[Short descriptive text snippets]
-- -- --
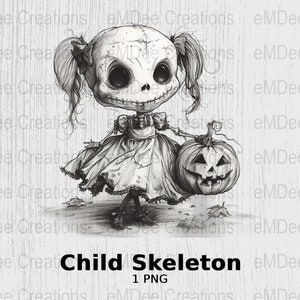 Halloween Skeleton Doll Clipart, 1 PNG, Instant Download, Girl & Pumpkin Digital Print, Gothic Nursery Decor, Spooky Black n White Graphics
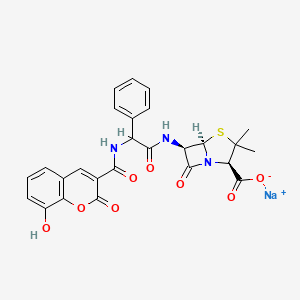 molecular formula C26H22N3NaO8S B1260444 Sodium;(2R,5R,6R)-6-[[2-[(8-hydroxy-2-oxochromene-3-carbonyl)amino]-2-phenylacetyl]amino]-3,3-dimethyl-7-oxo-4-thia-1-azabicyclo[3.2.0]heptane-2-carboxylate CAS No. 71344-34-8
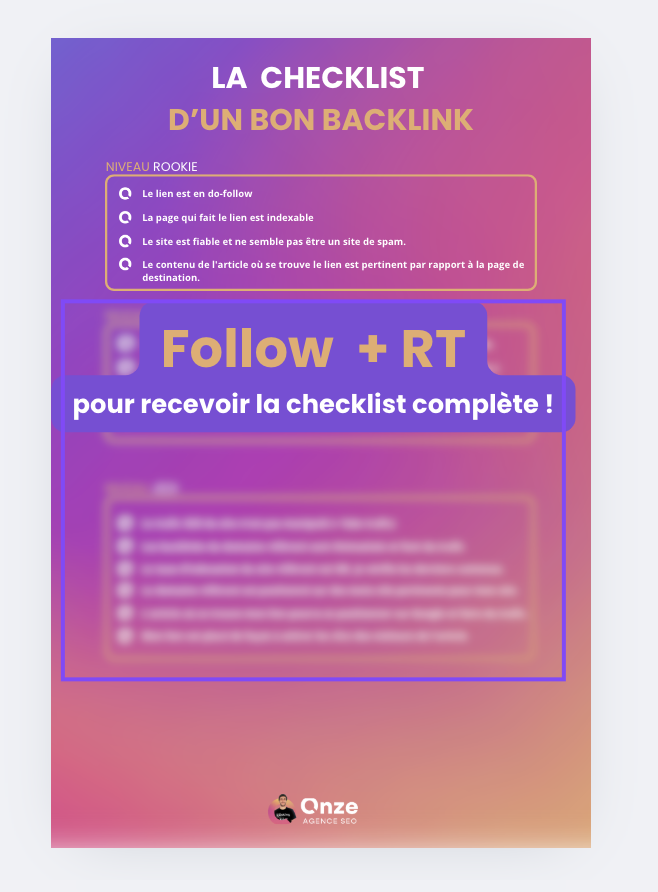 Lucio Laria | Link-Finder.net (@luciolaria) on Twitter photo J'ai acheté plus de 30 000 € de backlinks en 2024.
J'ai condensé tous mes apprentissages sur ce qui constitue "un bon backlink" dans cette checklist.
Pour la recevoir :
→ Follow <a href="/LinkFinderOK/">Link Finder</a> et <a href="/luciolaria/">Lucio Laria | Link-Finder.net</a>
→ RT
Et je te la partage en DM. J'ai acheté plus de 30 000 € de backlinks en 2024.
J'ai condensé tous mes apprentissages sur ce qui constitue "un bon backlink" dans cette checklist.
Pour la recevoir :
→ Follow <a href="/LinkFinderOK/">Link Finder</a> et <a href="/luciolaria/">Lucio Laria | Link-Finder.net</a>
→ RT
Et je te la partage en DM.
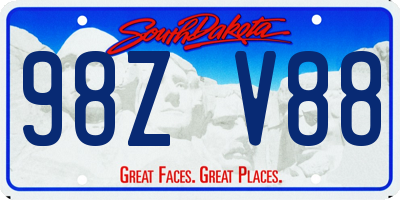 SD license plate 98ZV88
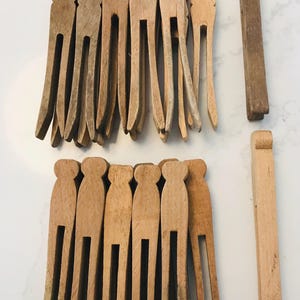 Vintage Clothespins Round Head Spring Flat Rogers Clean Grip Laundry ...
-- -- --
* [Problem to work on]: Without the pictures, return the records above exactly as given.

* [Result of the task]:
 Halloween Skeleton Doll Clipart, 1 PNG, Instant Download, Girl & Pumpkin Digital Print, Gothic Nursery Decor, Spooky Black n White Graphics
 molecular formula C26H22N3NaO8S B1260444 Sodium;(2R,5R,6R)-6-[[2-[(8-hydroxy-2-oxochromene-3-carbonyl)amino]-2-phenylacetyl]amino]-3,3-dimethyl-7-oxo-4-thia-1-azabicyclo[3.2.0]heptane-2-carboxylate CAS No. 71344-34-8
 Lucio Laria | Link-Finder.net (@luciolaria) on Twitter photo J'ai acheté plus de 30 000 € de backlinks en 2024.
J'ai condensé tous mes apprentissages sur ce qui constitue "un bon backlink" dans cette checklist.
Pour la recevoir :
→ Follow <a href="/LinkFinderOK/">Link Finder</a> et <a href="/luciolaria/">Lucio Laria | Link-Finder.net</a>
→ RT
Et je te la partage en DM. J'ai acheté plus de 30 000 € de backlinks en 2024.
J'ai condensé tous mes apprentissages sur ce qui constitue "un bon backlink" dans cette checklist.
Pour la recevoir :
→ Follow <a href="/LinkFinderOK/">Link Finder</a> et <a href="/luciolaria/">Lucio Laria | Link-Finder.net</a>
→ RT
Et je te la partage en DM.
 SD license plate 98ZV88
 Vintage Clothespins Round Head Spring Flat Rogers Clean Grip Laundry ...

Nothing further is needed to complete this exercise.